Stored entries
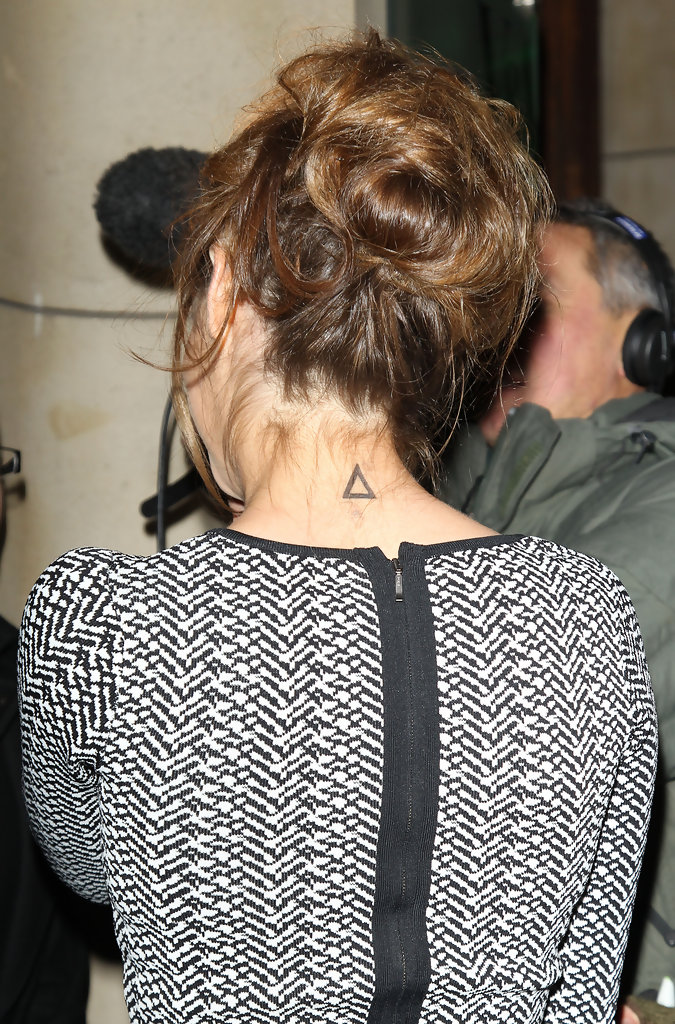Wonderful Black Outline Triangle Tattoo On Girl Back Neck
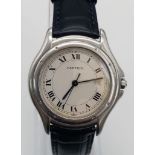 A Vintage Cartier Quartz Ladies Watch. Blue leather strap. Stainless steel case - 33mm. Cream dial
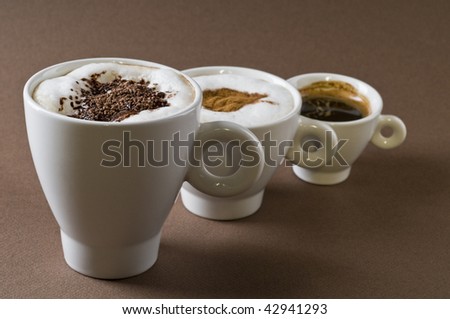 Kafi "MAJEVICA" - Page 2 Stock-photo-three-coffee-cups-with-espresso-cappuccino-mochachino-over-brown-background-42941293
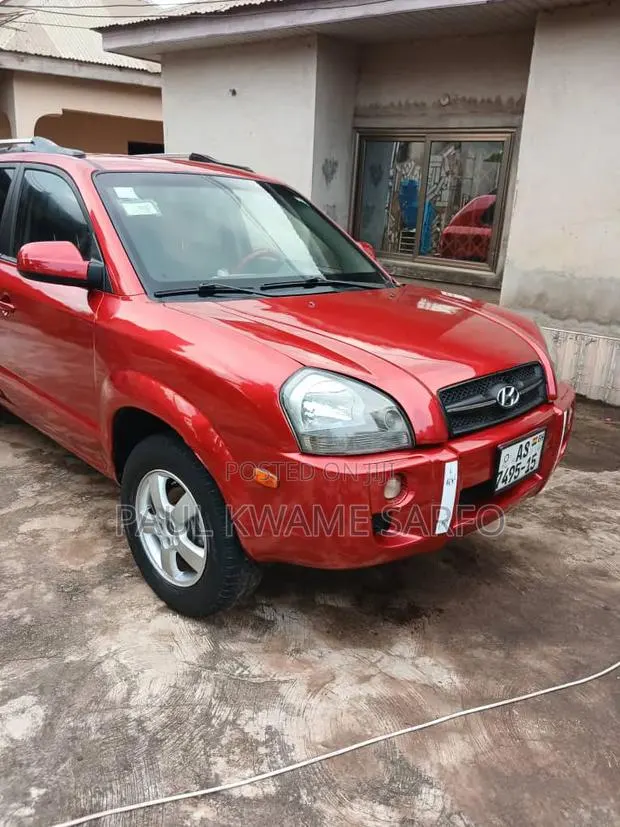 Hyundai Tucson 2009 Red · Photo 1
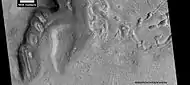Dipping layers, as seen by HiRISE under HiWish program Also, Ribbed Upper plains material is visible in the upper right of the picture.  It is forming from the upper plains unit, and in turn is being eroded into brain terrain.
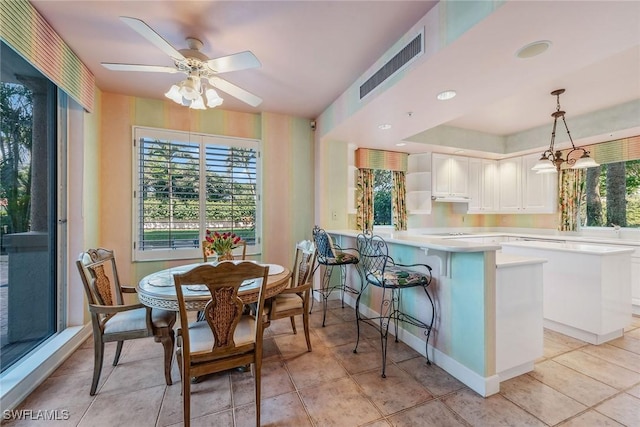 dining room with baseboards, light tile patterned flooring, visible vents, and a ceiling fan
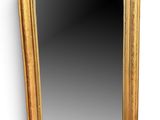 un miroir encadré d'or sur un mur blanc avec un fond blanc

Exercise: Return each entry exactly as it appears above, but exclude the pictures.

Answer for this exercise:
Wonderful Black Outline Triangle Tattoo On Girl Back Neck
 A Vintage Cartier Quartz Ladies Watch. Blue leather strap. Stainless steel case - 33mm. Cream dial
 Kafi "MAJEVICA" - Page 2 Stock-photo-three-coffee-cups-with-espresso-cappuccino-mochachino-over-brown-background-42941293
 Hyundai Tucson 2009 Red · Photo 1
Dipping layers, as seen by HiRISE under HiWish program Also, Ribbed Upper plains material is visible in the upper right of the picture.  It is forming from the upper plains unit, and in turn is being eroded into brain terrain.
 dining room with baseboards, light tile patterned flooring, visible vents, and a ceiling fan
 un miroir encadré d'or sur un mur blanc avec un fond blanc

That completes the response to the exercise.